Jean-Christophe Buisson : « Un pavé dans la mare du Canard Enchaîné »

Un enquêteur du Canard Enchaîné ose raconter en détail dans un livre explosif le scandale qui secoue depuis un an son propre journal. Et qui, cruelle ironie, ressemble comme deux gouttes d’eau à l’affaire Fillon que l’hebdomadaire satirique était si fier d’avoir révélée…

L’arroseur arrosé existe : il s’appelle Le Canard enchaîné. Un hebdomadaire qui fonctionne parfois selon les règles qu’il reproche à tout le monde. Riche à millions (135 !!!), il néglige de reverser un peu de sa fortune à ses collaborateurs les moins bien payés ou à ses pigistes au statut pourtant fort précaire ; dénonçant souvent ces chefs d’entreprise ou politiciens cacochymes qui s’accrochent à leur place, il est dirigé par des septuagénaires aux airs de berniques accrochées à leur rocher.

Mais il y a pire : le journal vit en ce moment une véritable… affaire Fillon ! Qui prétend cela ? Une plume maison particulièrement bien placée puisqu’il s’agit de celle-là même qui a justement révélé naguère (avec deux autres confrères) les arrangements avec la loi du candidat malheureux à l’élection présidentielle.”

Le journal vit en ce moment une véritable… affaire Fillon

Dans un livre explosif paru hier et dont la sortie a été tenue secrète jusqu’au dernier moment*, Christophe Nobili révèle en détail comment, depuis vingt-cinq ans, un salaire important a été versé à l’épouse du dessinateur de cabochons André Escaro (91 ans). Un emploi fictif (madame n’est ni dessinatrice ni journaliste), agrémenté d’une carte de presse bidon, qui aura rapporté 1,5 million d’euros à l’heureuse bénéficiaire (et à son mari, on l’espère pour lui, même s’il avait par ailleurs fait valoir des droits à la retraite fort substantiels). Mieux que Pénélope, donc !

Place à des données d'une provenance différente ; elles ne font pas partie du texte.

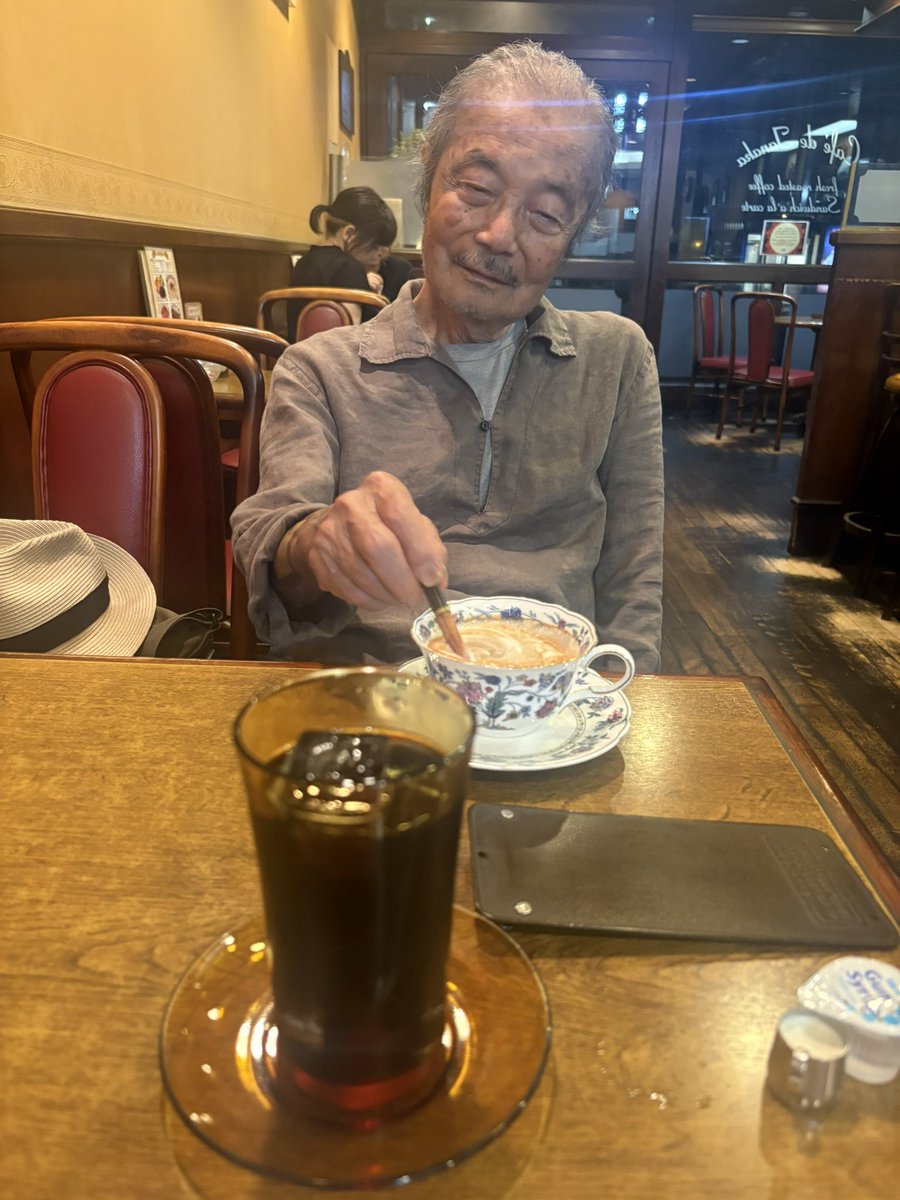 snack_micazuki's tweet photo. 日曜は久しぶりに池谷ボスとデート
コンチネンタル写真事務所がクローズしてしまうのは寂しいけれど
これからも素敵な作品を楽しみにしています❤️ https://t.co/DmuZI86Z8w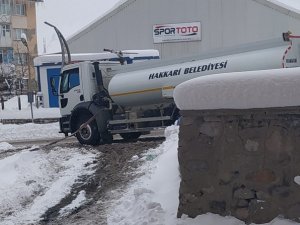 Su Şebekeleri Donan Aile İçin Belediye Ekibi Seferber Oldu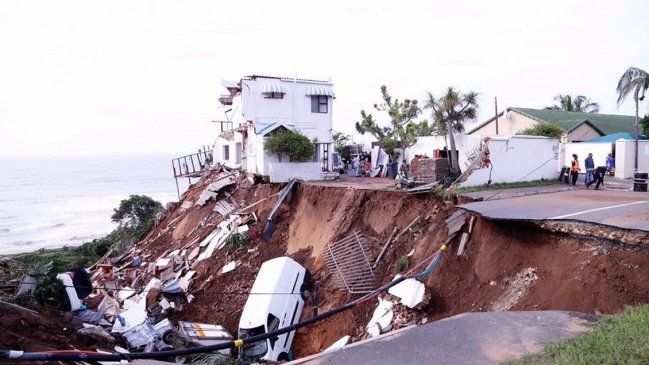 Ascienden a 51 los muertos por intensas lluvias en Sudáfrica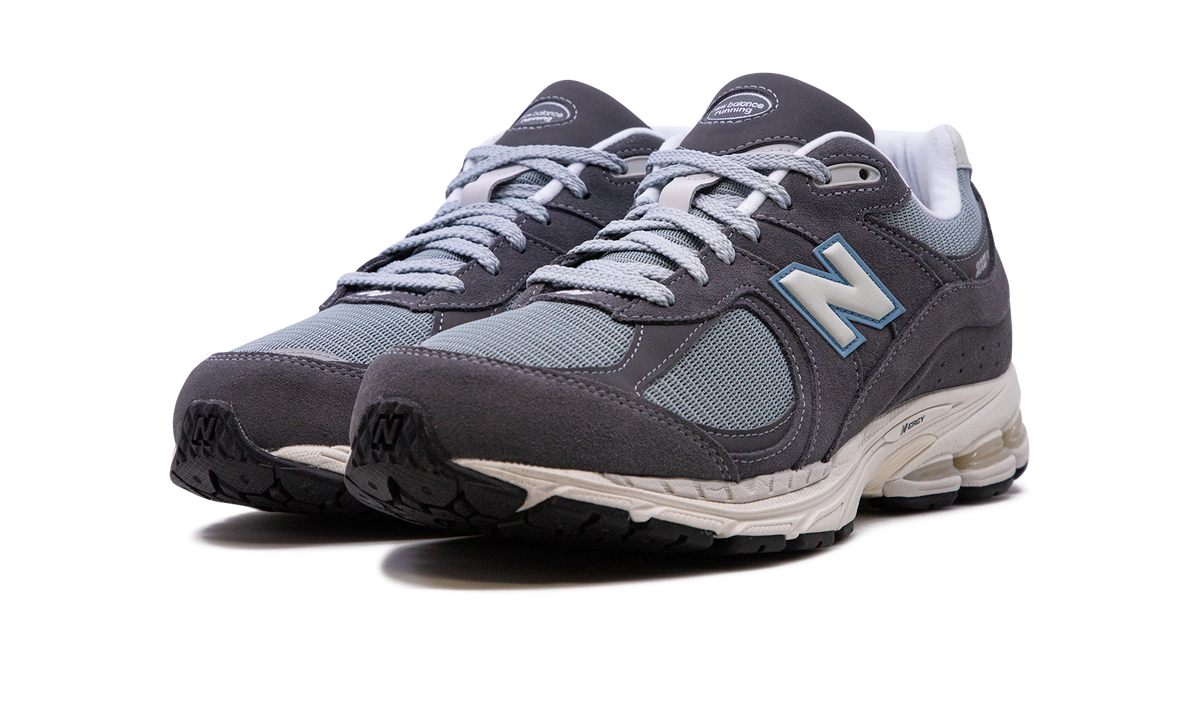 New Balance 2002R Magnent Lead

«Quand on monte au mât, il faut avoir le cul propre»

«Quand on monte au mât, il faut avoir le cul propre», aimait claironner la regrettée romancière Geneviève Dormann. C’est exactement pour cette raison que le scrupuleux journaliste du Canard enchaîné qui a levé ce lièvre dans sa propre forêt ose raconter cette affaire dans un récit qui relève presque du journalisme gonzo : il n’hésite pas, non sans une drôlerie parfois grinçante, à se mettre en scène, notamment lors de repas où une partie de la rédaction se retrouve régulièrement… et dont il a été exclu depuis qu’il a dénoncé l’affaire l’an dernier. Son essai comporte, dans les interstices d’une enquête portée par ailleurs devant la justice (curieusement beaucoup, beaucoup plus lente à réagir que lors de l’affaire Fillon…), de véritables morceaux de bravoure littéraire. Ainsi de la reproduction de la longue lettre qu’il envisageait d’envoyer, avant d’y renoncer, à la procureure de Paris Laure Beccuau, et qui commençait ainsi : «Madame la procureure de Paris, vous allez rire. Il y a une Pénélope au Canard Enchaîné ! En 2017, avec deux de mes petits camarades du palmipède, j’avais révélé l’affaire Fillon. Eh bien figurez-vous que, cinq ans plus tard, je viens de découvrir, avec une sidération que j’ai quotidiennement du mal à dissimuler, une plaisanterie du même ordre dans mon propre journal…».

Christophe Nobili décrit aussi la manière (chose presque plus grave, à ses yeux) dont la direction tente de camoufler, relativiser, voire nier ses turpitudes. Comment il subit pressions, menaces et reproches. En particulier celui de «cracher dans la soupe», de «tirer contre son propre camp». Des affres et dilemmes que l’intéressé assure avoir bien sûr vécus, mais qu’il a surmontés en répondant qu’il ne fait que travailler, lui (comme les rares confrères et consœurs de son journal qui le soutiennent), selon les valeurs de l’organe de presse pour lequel il œuvre depuis une quinzaine d’années.

On ne peut prétendre faire la morale à tout le monde en s’en affranchissant nous-mêmes, dit en substance l’auteur, qui n’accepte pas la défense de sa direction selon laquelle «ce genre d’histoires, il y en a dans toutes les entreprises». Car, veut-il croire, «justement, nous ne sommes pas «toutes les entreprises». Ce qui ne l’empêche pas de confesser un réel déchirement à critiquer sa propre «famille», qui ressemble désormais furieusement à celle, éparpillée façon puzzle, de Festen… Ce qui fera sûrement sourire (jaune) François Fillon. Et tous ceux qui ont pu être victimes des révélations, piques, attaques et autres flèches du Canard dans le passé. Ce qui fait du monde.

*Cher Canard. De l’affaire Fillon à celle du Canard Enchaîné, de Christophe Nobili, JC Lattès, 249 p., 20 €.